This is truly the golfing time of year. It is not by chance that the two biggest Open championships happen over the next six weeks – the US Open this weekend and the British Open five weeks later. On a more local level the Captain’s Prize season is in full swing.
There have been dramatic transformations to our own courses in the last month. Those barren-looking parks suffering from the extended winter have come alive, as if injected with an instant bloom steroid.
I went away for a week at the end of May leaving a sparse, end-of-winter landscape and came home to a country covered in rich foliage. It’s the time of year when there is no break for a greenkeeper, with life springing from seemingly the most infertile of places. In a matter of weeks the problem is one of controlling not encouraging.

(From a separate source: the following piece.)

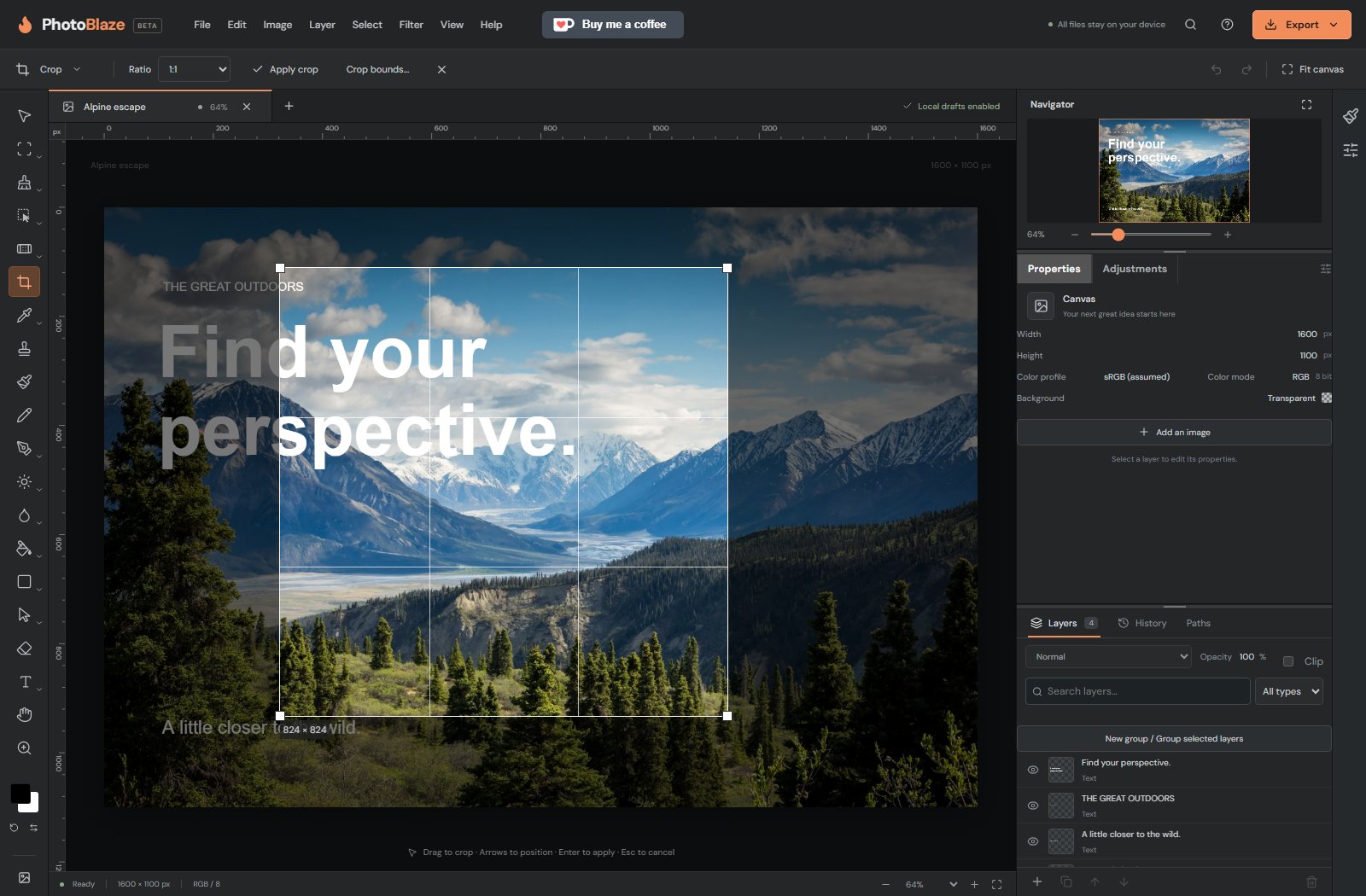 PhotoBlaze editor controls for crop an image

The prolific effect of fertilizer and growth-promoting agents spread liberally can almost look unreal on a golf course; the brilliant green grass can look like it has been painted with a rich gloss.
Where sprinkler systems have been working overtime on tees and greens, they look verdant and healthy even in the parching last week of the beautiful hot weather. The peripheral areas where the sprinklers over-reached are now jungles in which you could lose your golf bag along with your ball.
There are of course a number of facets in presenting a golf course to us the golfers, who have to try to enjoy but more often battle to endure the rigours of over-enthusiastic course superintendents.
Fundamental quality
The fundamental quality of a good golf course is that it should be playable for all types of golfers from the scratch handicapper to the head-scratching 24 marker, who often find summer golf an overwhelming challenge. I would argue that is solely because of the insane set-up of over-grown courses.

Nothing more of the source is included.